Aus „Anti-Islamisierungskongress“ wird „Anti-Islam-Kongress“

Eine Regionalzeitung berichtet über den Anlauf zu einem zweiten „Anti-Islam-Kongress“ in einer Großstadt im Verbreitungsgebiet. Nach einer zentralen Kundgebung – so die Zeitung – wollen die Teilnehmer durch die Stadt ziehen. Ein Leser kritisiert die Formulierung „Anti-Islam-Kongress“ in der Überschrift. Es handele sich um einen Anti-Islamisierungskongress. Zwischen „Islam“ und „Islamisierung“ gebe es jedoch einen riesigen Unterschied. Dieser Fehler in der Überschrift hafte vor allem dem flüchtigen Leser im Gedächtnis. Ein entsprechender Hinweis an die Redaktion sei unbeantwortet geblieben. Der Chefredakteur der Zeitung stimmt dem Beschwerdeführer zu, dass die Verkürzung von „Anti-Islamisierungskongress“ zu „Anti-Islam-Kongress“ eine Bedeutungsveränderung beinhalte. In der Sache sei der Begriff „Anti-Islam-Kongress“ jedoch gerechtfertigt. Die veranstaltende Bürgerbewegung wende sich nicht nur gegen die „Islamisierung“ der Stadt, sondern in eher allgemeiner Form gegen den ihrer Ansicht nach zu starken Einfluss des Islam in Deutschland und Europa. (2009)

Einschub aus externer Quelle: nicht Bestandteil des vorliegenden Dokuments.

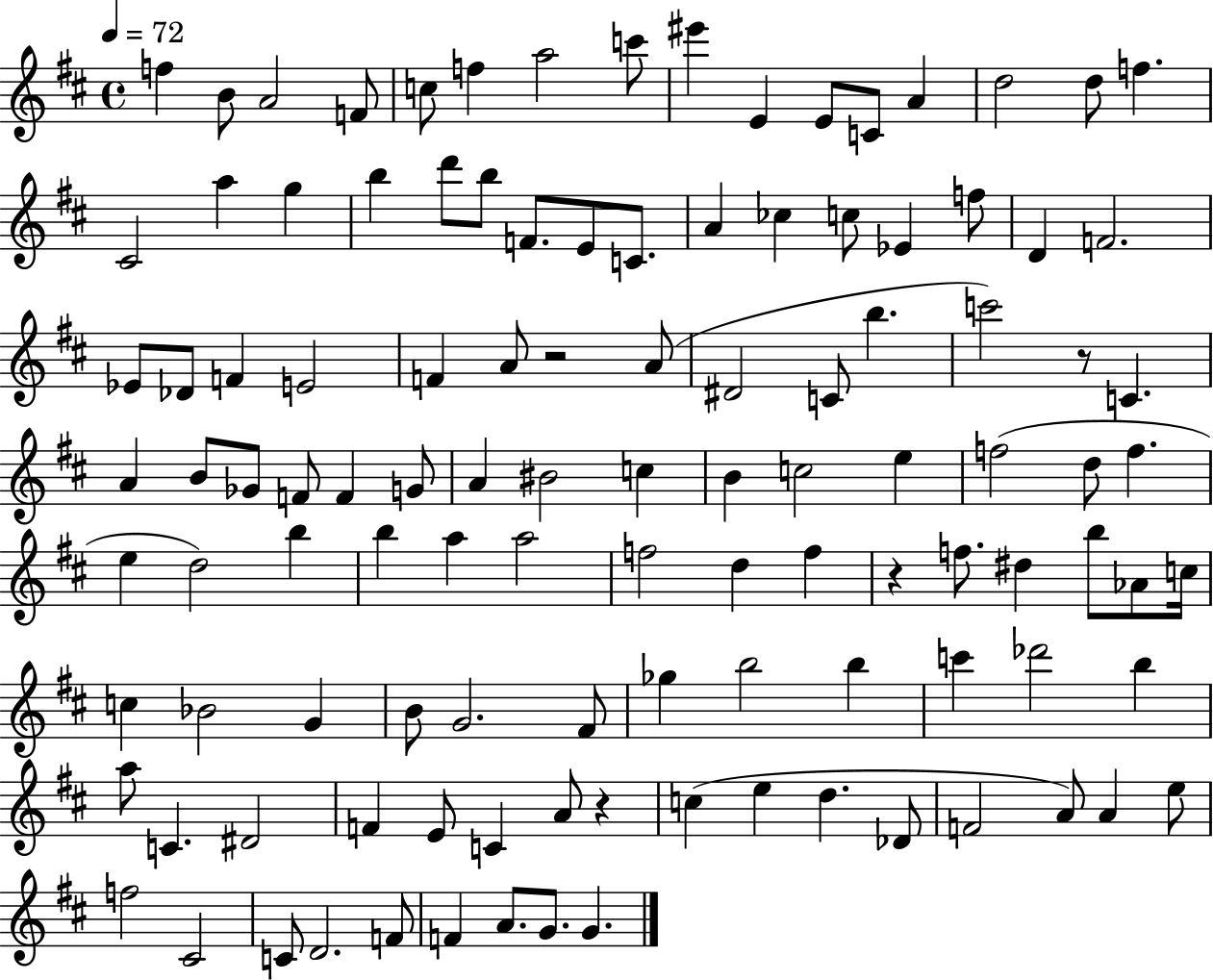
F5/q B4/e A4/h F4/e C5/e F5/q A5/h C6/e EIS6/q E4/q E4/e C4/e A4/q D5/h D5/e F5/q. C#4/h A5/q G5/q B5/q D6/e B5/e F4/e. E4/e C4/e. A4/q CES5/q C5/e Eb4/q F5/e D4/q F4/h. Eb4/e Db4/e F4/q E4/h F4/q A4/e R/h A4/e D#4/h C4/e B5/q. C6/h R/e C4/q. A4/q B4/e Gb4/e F4/e F4/q G4/e A4/q BIS4/h C5/q B4/q C5/h E5/q F5/h D5/e F5/q. E5/q D5/h B5/q B5/q A5/q A5/h F5/h D5/q F5/q R/q F5/e. D#5/q B5/e Ab4/e C5/s C5/q Bb4/h G4/q B4/e G4/h. F#4/e Gb5/q B5/h B5/q C6/q Db6/h B5/q A5/e C4/q. D#4/h F4/q E4/e C4/q A4/e R/q C5/q E5/q D5/q. Db4/e F4/h A4/e A4/q E5/e F5/h C#4/h C4/e D4/h. F4/e F4/q A4/e. G4/e. G4/q. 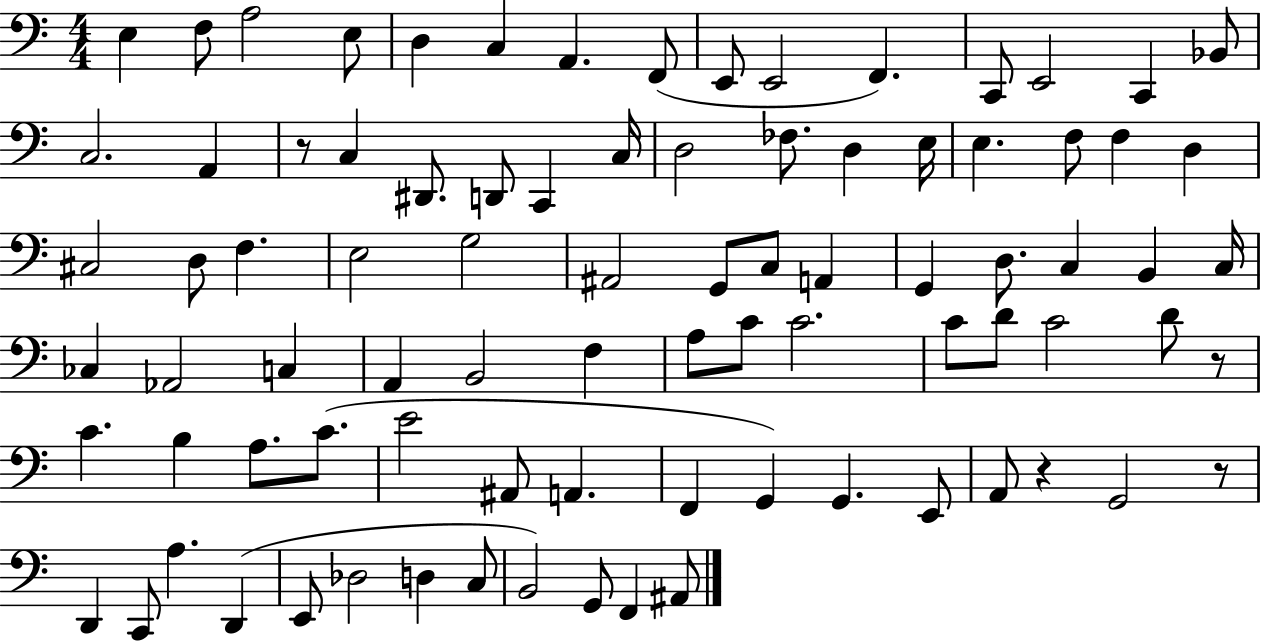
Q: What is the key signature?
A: C major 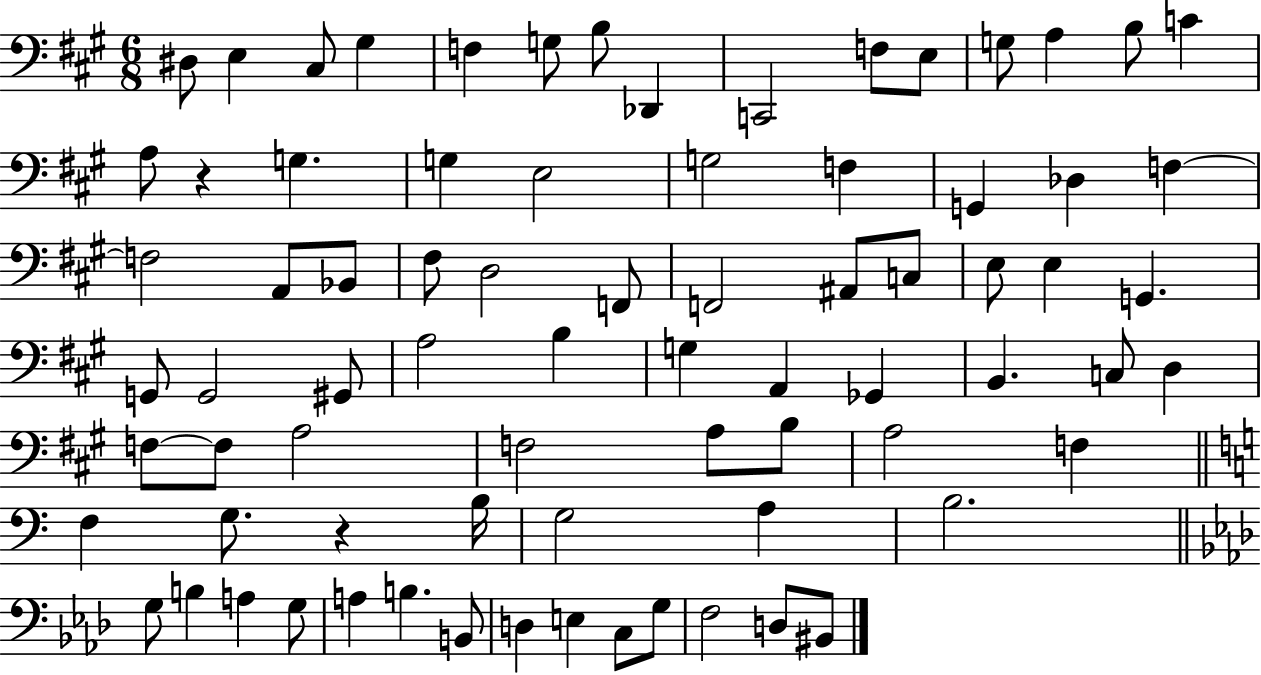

Die Zeitung hat nicht gegen presseethische Grundsätze verstoßen. Die Beschwerde ist unbegründet. Im Mittelpunkt der Überlegungen steht im Beschwerdeausschuss die Frage, ob die in der Überschrift gewählte Verknappung von „Anti-Islamisierungskongress“ zu „Anti-Islamkongress“ von Tatsachen untermauert ist. Die Redaktion kann glaubhaft darlegen, dass die mit dieser Verknappung einhergehende Bedeutungsveränderung gerechtfertigt ist. Beleg hierfür sind für die Redaktion allgemeine, pauschale ausländerfeindliche Botschaften, die die Veranstalter des Kongresses propagieren sowie die Zielrichtung der Teilnehmer und Redner des „Anti-Islamisierungskongresses“. Die Einschätzung der Redaktion wird gestützt von einem OLG-Urteil über die Rechtmäßigkeit der Beobachtung der Kongress-Initiatoren durch den Verfassungsschutz in den Jahren 2005 und 2006. Vor diesem Hintergrund ist die Verkürzung in der Überschrift zulässig. (BK1-217/09)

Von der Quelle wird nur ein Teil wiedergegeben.